Я начал преподавать танцы в училище МВД, появились деньги. Я купил маме золотые часики с цепочкой, а Нине купил белые металлические часы. Жена говорит:

- Маме ты купил с золотой цепочкой вместо того, чтоб купить их мне, я молодая, а мама могла бы и простые носить. - Нина, - говорю, - как тебе не стыдно. Что хорошего мама видела в этой жизни? Пусть хоть порадуется, что у неё есть такие часы. Они перестали разговаривать, но никогда друг с другом не ругались. Один раз только, когда Нина, подметя пол, вышла с мусором, мама сказала: «Между прочим, Мойше, ты мог бы жениться лучше». Это единственное, что она сказала в её адрес. У меня родилась дочь. Мама брала её на руки, клала между своих больших грудей, ласкала. Дочь очень любила бабушку. Потом Нина с мамой сами разобрались. И мама мне говорит: «Мойше, я вот смотрю за Ниной, она таки неплохая. И то, что ты не женился на дочке Пахмана, тоже хорошо, она избалованная. Она бы за тобой не смогла все так делать». Они с Ниной стали жить дружно.

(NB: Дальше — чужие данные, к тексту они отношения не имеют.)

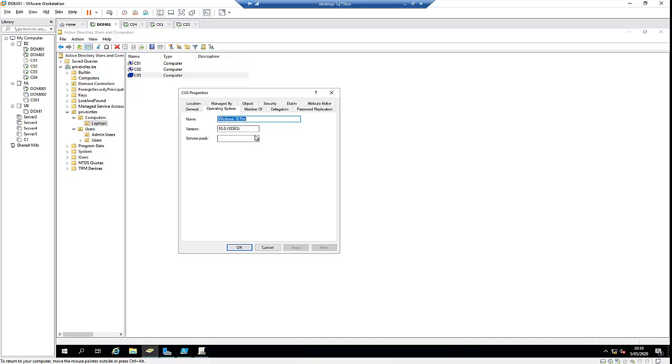That is how easy it is to join a Windows 10 Professional or Windows 10 Enterprise workstation to a domain controller.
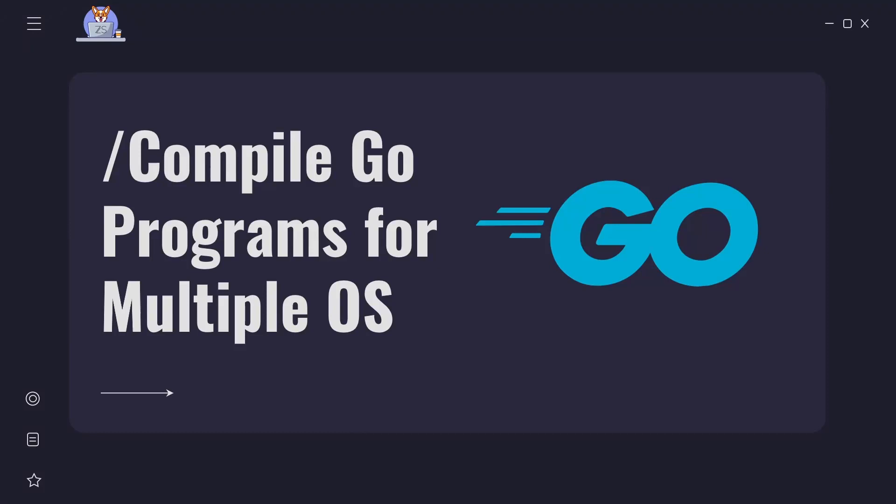Hello everyone and welcome to my channel. Today we will talk about how to compile Go programs for multiple operating systems. So let's get started.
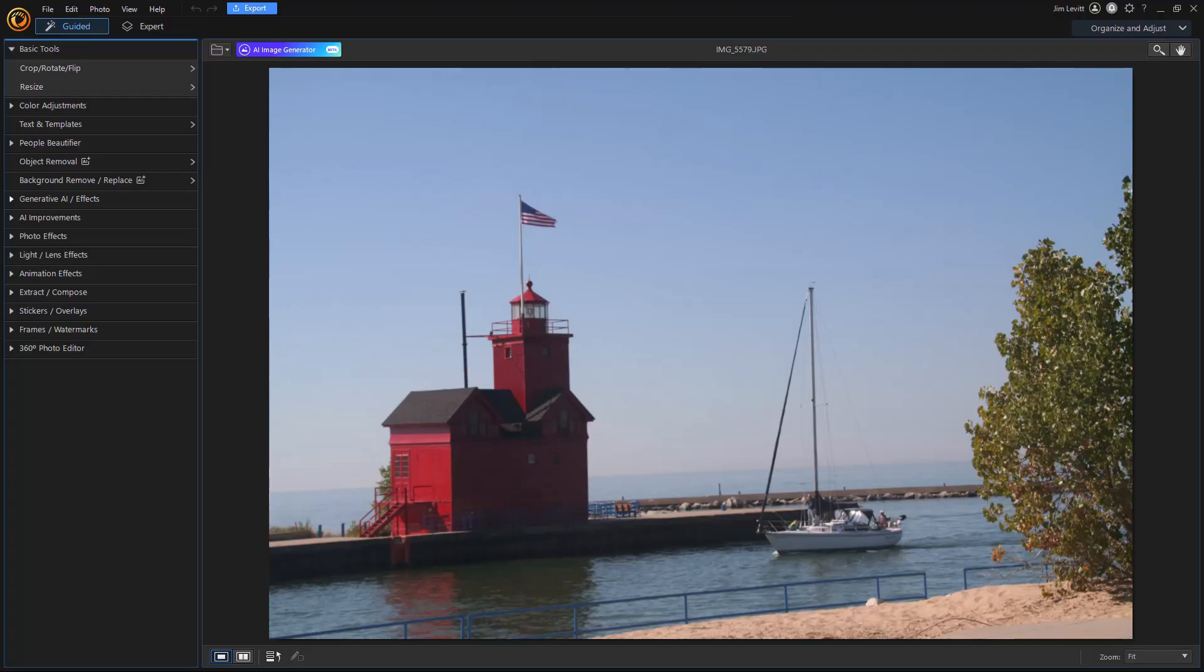In this tutorial in PhotoDirector 365, we'd like to show you how you can take a photograph and transform it into a painting. Some very talented people can do this naturally because they're great painters. You can do this yourself even if you're not a great painter. Let's show you how.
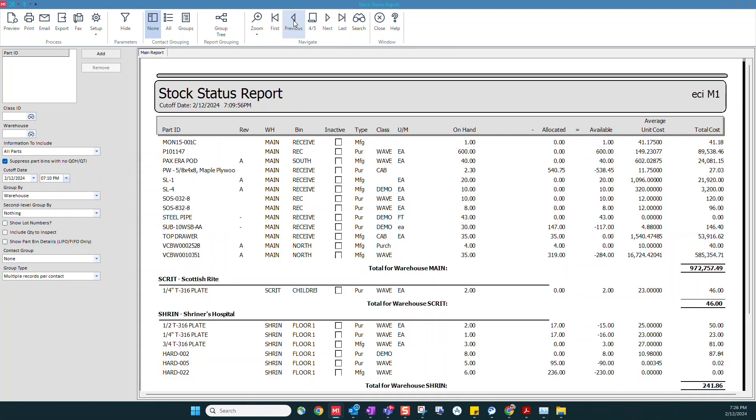This stock status report is great at giving us a snapshot of what our inventory is right now, or if we need to backdate it to see what our inventory was, say at the end of the month.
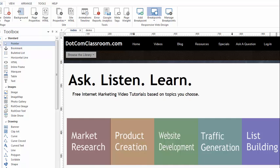Hi, this is Greg Hughes from 90 Second Website Builder. In this video, I want to talk to you about how to make a responsive website. A responsive website is one that responds to whatever device is looking at it — it accommodates the browser or the window when it's viewed by the user.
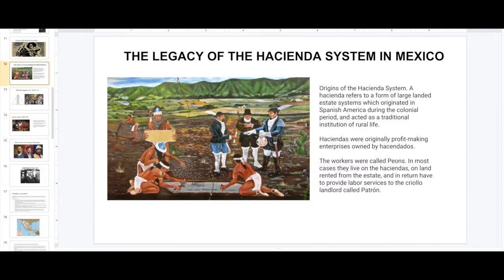Haciendas were large, vast lands owned by a few in Mexico and throughout Latin America. The workers — most of them indigenous people, poor people — were called peons. In most cases they lived on the Hacienda, had to pay rent there, and their labor was harsh. The dynamic was almost like indentured servitude — a modern form of slavery. Even though they were not slaves, they had to work the land. So the poor people of Mexico, the peasants, the indigenous, were at a tremendous disadvantage, having to work for El Patrón — the boss — who ended up owning all this land.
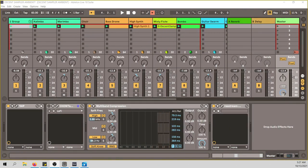Hello and welcome to another video for Sonic Sorcery, where we create magic with sound. I'm Stefan Kee, your Sonic Sorcerer, and in this video I have a tutorial for you for one of my favorite styles of music — ambient music — and today we're going to create something like this.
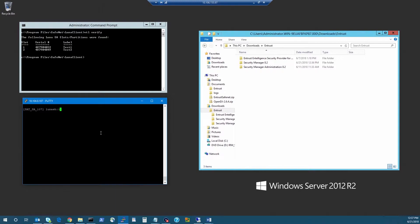Hello, this is Rob with SafeNet AT, and today we're integrating Intrust Security Manager with our Luna SA HSM for Government. We've already installed and configured the Luna client on the server. You can check our other guides for information on getting that set up.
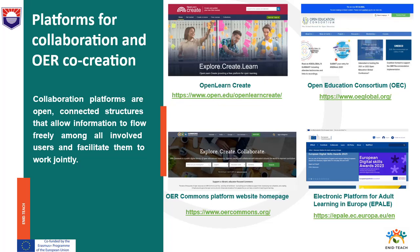Collaboration platforms are open connected structures that allow information to flow freely among all involved users and facilitate them to work jointly. Collaborative activities engage the participants either directly or remotely through online tools. As good examples of platforms that facilitate collaboration and OER co-creation: OpenLearn Create is an innovative platform where individuals and organizations can publish their open content, open courses and resources. It is Moodle-based and has tools for collaboration, reuse and remixing.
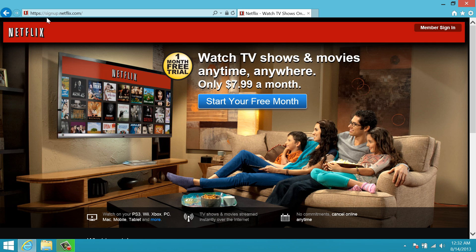Here you'll see the option to start a free month, which you will have to do to continue. Simply enter an email address, password, and some credit card information and you'll be ready to go. Once you have that done you'll have a membership and you'll be able to go to the member sign-in.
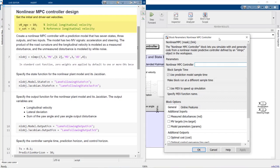The initial velocity is 10 meters per second, and the target velocity we need to keep the vehicle at is 14 meters per second. As discussed previously, the nonlinear MPC controller uses a nonlinear prediction model to predict the future plant behavior. Here, we're using the nlmpc command to create the nonlinear MPC controller with a nonlinear prediction model that has 7 states, 3 outputs, 2 manipulated variables, 1 measured disturbance, and 1 unmeasured disturbance.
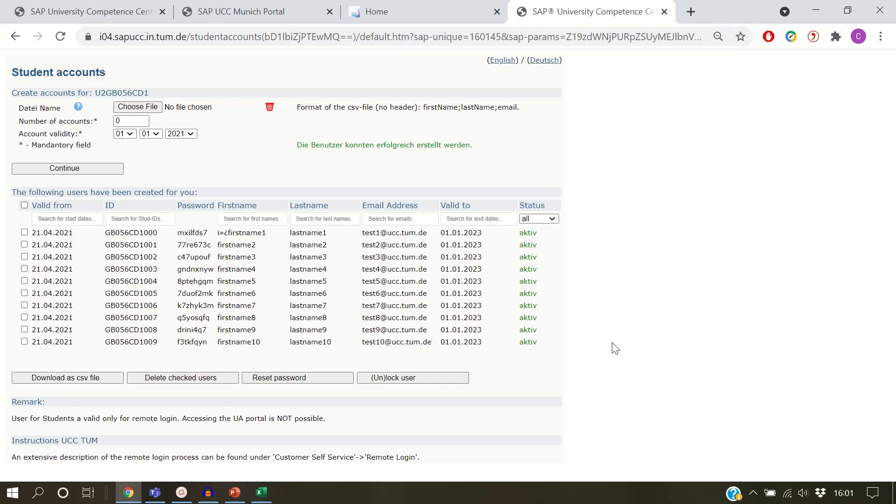You are able to download the list as a CSV file, delete checked users, reset passwords, and unlock users.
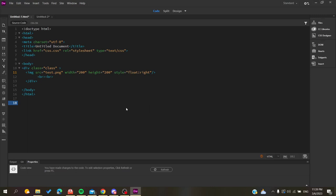Hello guys and welcome to a new video. Today I'm going to show you how to align images in your HTML file or website using Adobe Dreamweaver. First, open your Adobe Dreamweaver application and follow these simple steps.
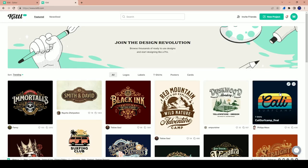Today we're going to be doing a design tutorial for print-on-demand. It's going to be completely free — anybody can do this. I have access to the software called Kittle, and that's the software we're going to be using for our print-on-demand tutorial. It's an invite-only platform, so I'm giving you guys my personal invite link in the description box down below, along with the pinned comment.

Отец за это время уже сменил нескольких жён. Жил он недалеко от нас. Мама говорит: «Мойше, твой отец привёл новую никэйву. Пойди посмотри.» Я шёл.

- Мама, - говорю, - она такая страшная! - Так ему и надо.

Умерла она, когда ей был 91 год. Случилось это так. У неё была сестра Мира. Жила она в Вильнюсе. Приехала к нам во Фрунзе. Стала приглашать маму погостить у неё: «Софа, приезжай. Миша уже семейный человек. Он не пропадёт. месяц-другой без тебя». Как я её отговаривал: «Там же другой климат. В твоём возрасте нельзя!» Она говорит: «Мойше, я погощу немного и вернусь». Она поехала и больше уже не приехала.

Она была очень добрым человеком. Мы с ней прожили прекрасную жизнь. Никогда не нуждались в моем отце. Она заменила мне родную мать. Будь они сейчас обе живы, я бы не знал, к кому первой подойти и обнять.